Uitspraak Geschillencommissie Financiële Dienstverlening nr. 2017-200
(mr. P.A. Offers, voorzitter, mr. A.M.T Wigger en mr. dr. S.O.H. Bakkerus en
mr. M.J. Vlasveld, secretaris)

Klacht ontvangen op : 1 oktober 2015
Ingediend door : Consumenten
Tegen : Van Steensel Assurantiën B.V., gevestigd te Rotterdam, verder te noemen de Adviseur
Datum uitspraak : 23 maart 2017
Aard uitspraak : Bindend advies

Samenvatting
Erflater heeft ter overbrugging van de periode voor het afsluiten van een nieuwe hypotheek een overlijdensrisicoverzekering afgesloten. Op deze verzekering stond de ex-partner als eerste begunstigde vermeld. Uit het administratiesysteem van de adviseur is per abuis geen waarschuwing gekomen dat de overbruggingsperiode was afgelopen. Na de periode van overbrugging is de overlijdensrisicoverzekering blijven doorlopen. Erflater is overleden en de uitkering is toegekomen aan de ex-partner. De erfgenamen stellen zich op het standpunt dat het de wens van de erflater is geweest dat de begunstiging aan hen zou toekomen en dat er te lang premie is betaald door de erflater. De Commissie oordeelt dat de erfgenamen niet hebben bewezen en ook niet aannemelijk hebben kunnen maken dat het de wens van de erflater zou zijn geweest dat de begunstiging ten gunste van de erfgenamen had moeten komen. Wel is komen vast te staan dat de overlijdensrisicoverzekering te lang is doorgelopen als gevolg van de handelwijze van de adviseur. De adviseur moet de teveel betaalde premie aan de erfgenamen als schadevergoeding betalen.
1. Procesverloop

De Commissie beslist met inachtneming van haar Reglement en op basis van de volgende stukken:
• het door Consumenten ingediende klachtformulier met bijlagen;
• het verweerschrift van de Adviseur met bijlagen;
• de repliek;
• de dupliek;
• de verklaring van Consumenten met de keuze voor bindend advies;
• de e-mail van Consumenten d.d. 26 augustus 2016 met als bijlage de akte van verdeling;
• de e-mail van de Adviseur van 20 september 2016.

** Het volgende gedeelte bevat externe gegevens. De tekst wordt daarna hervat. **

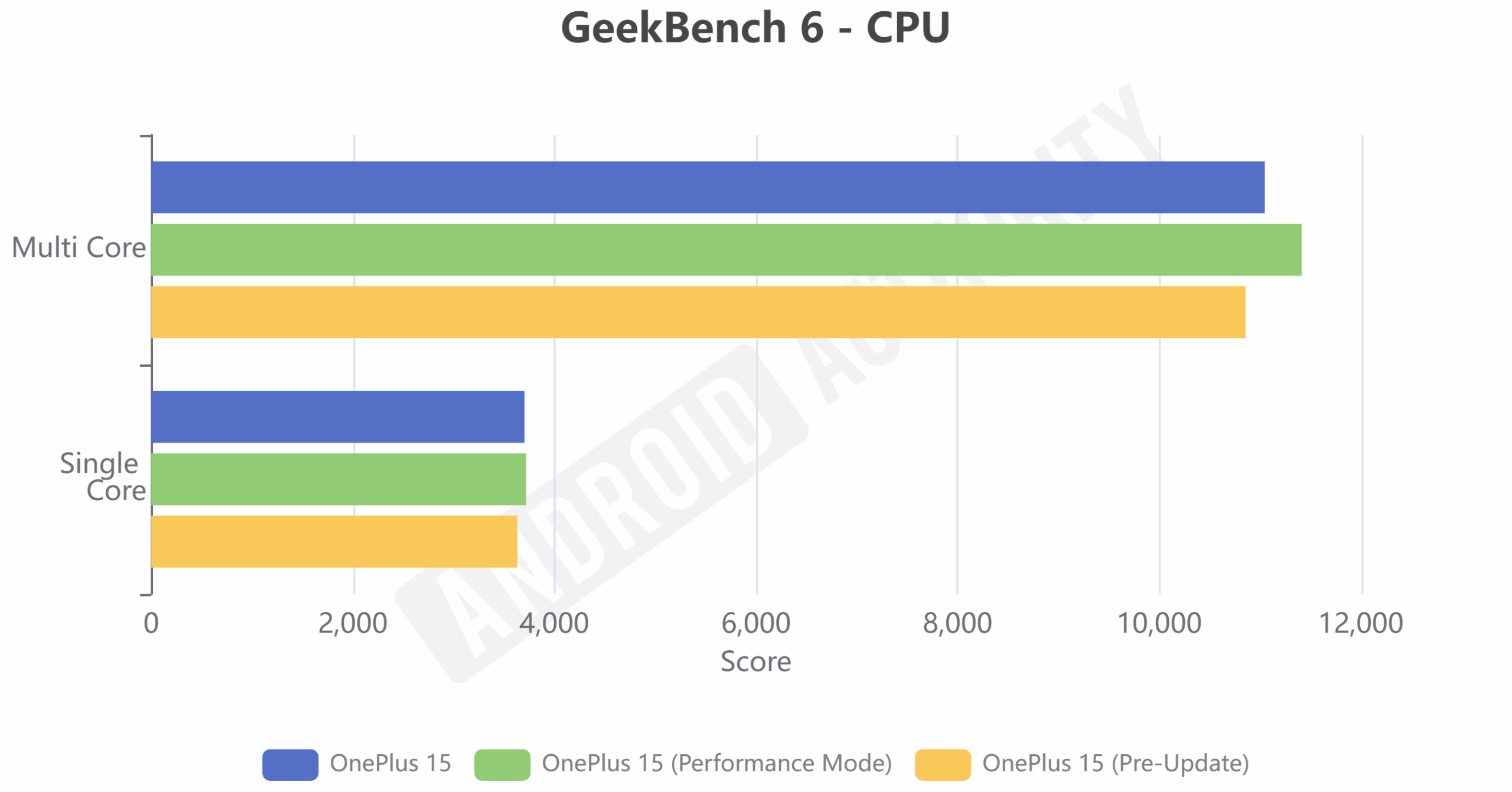 OnePlus 15 update GeekBench 6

De Commissie stelt vast dat partijen hebben gekozen voor bindend advies.
Partijen zijn opgeroepen voor een hoorzitting op 25 augustus 2016 en zijn aldaar verschenen.

2. Feiten

De Commissie gaat uit van de volgende feiten.

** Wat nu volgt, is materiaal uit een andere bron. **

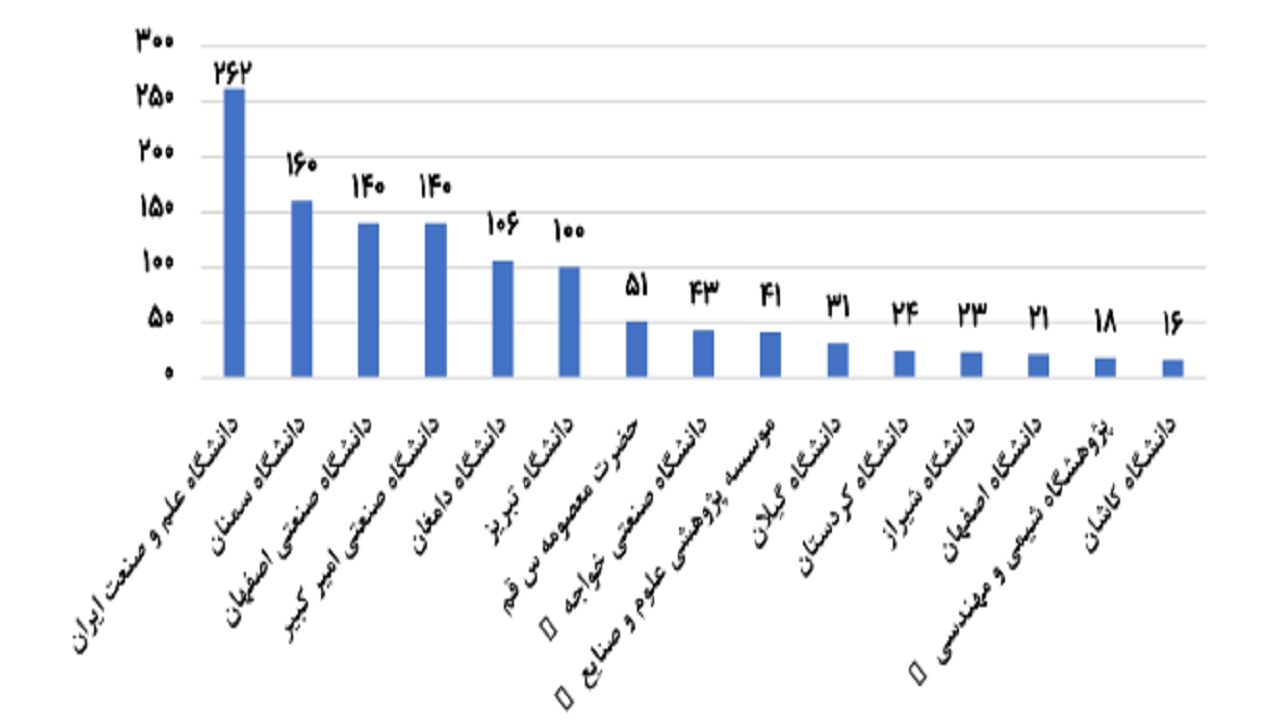 ۴۳۸ پایان نامه مورد حمایت مالی دستگاه‌های اجرایی قرار گرفت/ انعقاد ۱۳۰۶ پایان نامه با صنعت 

2.1 Consumenten zijn de zonen van de heer [X](hierna te noemen de heer [X]). De heer [X] is in 2015 overleden. Consumenten zijn de erfgenamen van de heer [X].

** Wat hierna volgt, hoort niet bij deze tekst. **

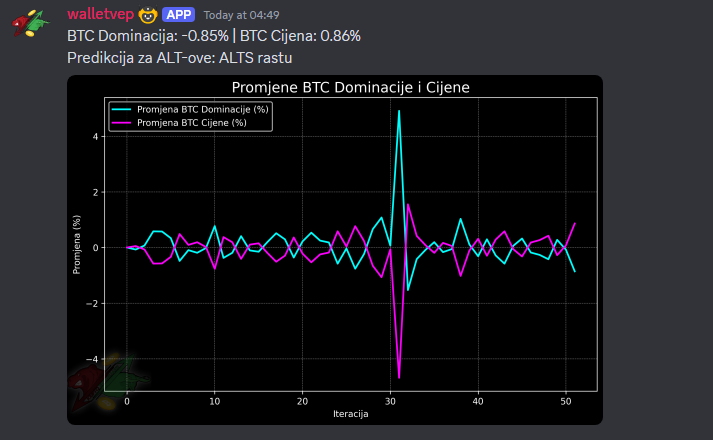 Promjene Btc Dominacije I Cijene S Fokusom Na Altcoine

2.2 Tot in 2013 had de heer [X] een relatie met mevrouw [Z]. Zij waren samen eigenaar van een appartement. De heer [X] en mevrouw [Z] hadden een geldlening afgesloten bij Bank of Scotland (hierna te noemen BoS). Voor de verplichtingen uit deze geldlening waren zij jegens BoS hoofdelijk aansprakelijk. Tevens hadden zij hun appartement bezwaard met een recht van hypotheek ten gunste van BoS.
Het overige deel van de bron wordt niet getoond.